With every picture left out, give the data below back exactly.

(Beginning of Data section)

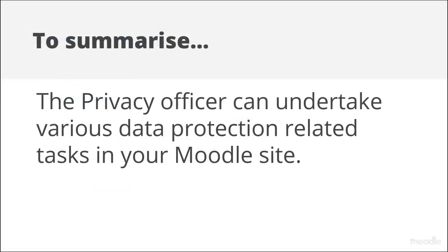To summarise, the Privacy Officer can undertake various data protection related tasks in your Moodle site.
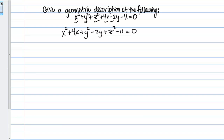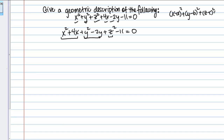I notice that I have a quadratic or square term in each of my variables X, Y, and Z. That reminds me of the equation of a sphere, which looks like: X minus A squared plus Y minus B squared plus Z minus C squared equals R squared. So maybe I'll try to complete the square in each group to get it to match this sphere formula.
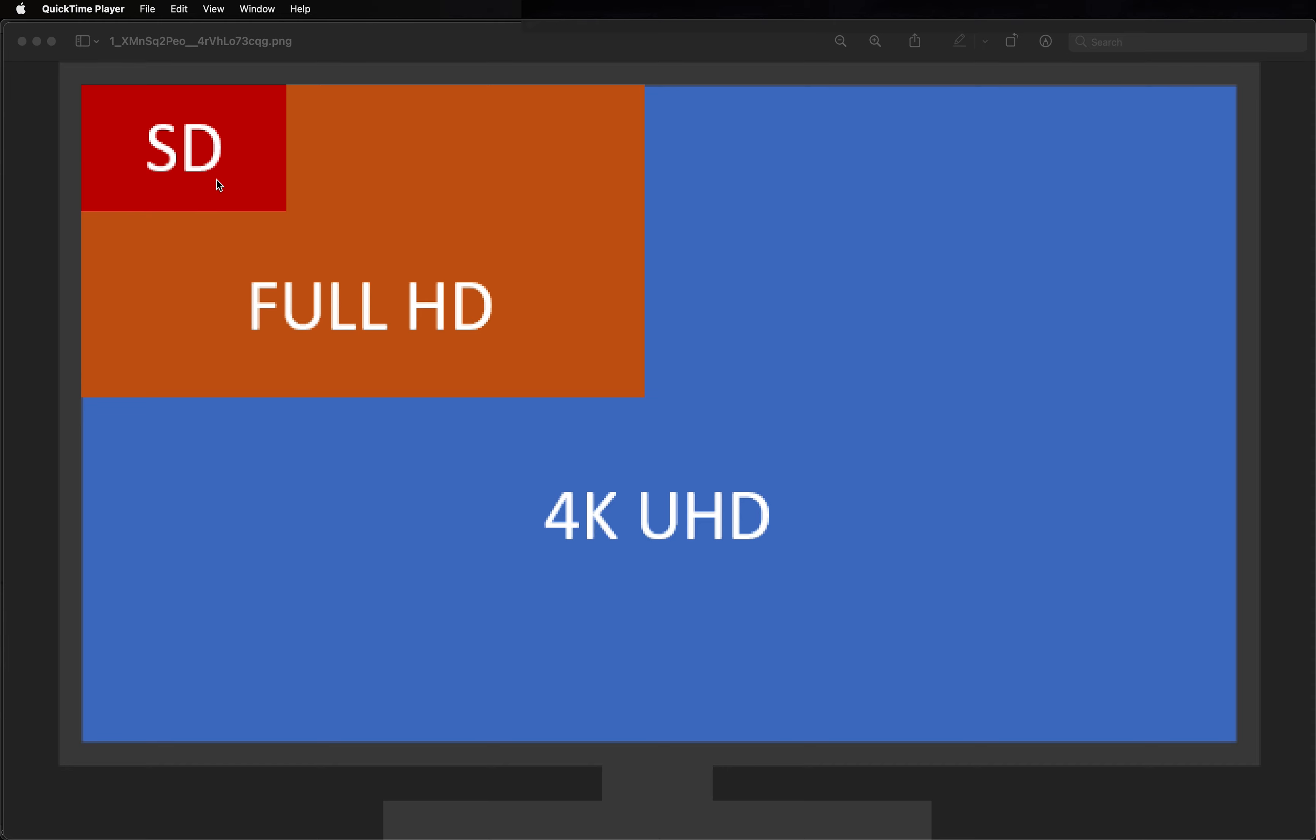Then we went from standard definition up to full high definition, which is 1080p, which stands for 1080 pixels tall, and it ends up being 1920 pixels wide.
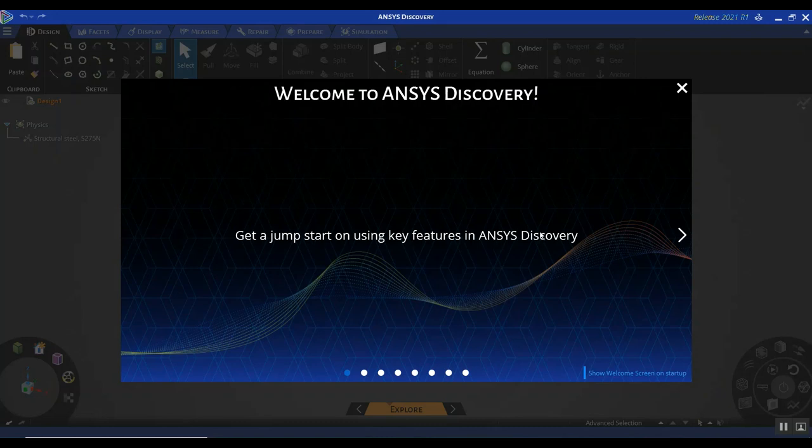I would encourage anybody who's a new Discovery user and unfamiliar with the GUI to spend a few minutes going through some of these slides in the welcome section. It'll really help you gain an overview of the user interface — it's very easy and intuitive to pick up. A brief glance through these slides will help you quickly come up to speed and set up a simulation very easily.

(End of Data section)

_Completed task_.
To summarise, the Privacy Officer can undertake various data protection related tasks in your Moodle site.
I notice that I have a quadratic or square term in each of my variables X, Y, and Z. That reminds me of the equation of a sphere, which looks like: X minus A squared plus Y minus B squared plus Z minus C squared equals R squared. So maybe I'll try to complete the square in each group to get it to match this sphere formula.
Then we went from standard definition up to full high definition, which is 1080p, which stands for 1080 pixels tall, and it ends up being 1920 pixels wide.
I would encourage anybody who's a new Discovery user and unfamiliar with the GUI to spend a few minutes going through some of these slides in the welcome section. It'll really help you gain an overview of the user interface — it's very easy and intuitive to pick up. A brief glance through these slides will help you quickly come up to speed and set up a simulation very easily.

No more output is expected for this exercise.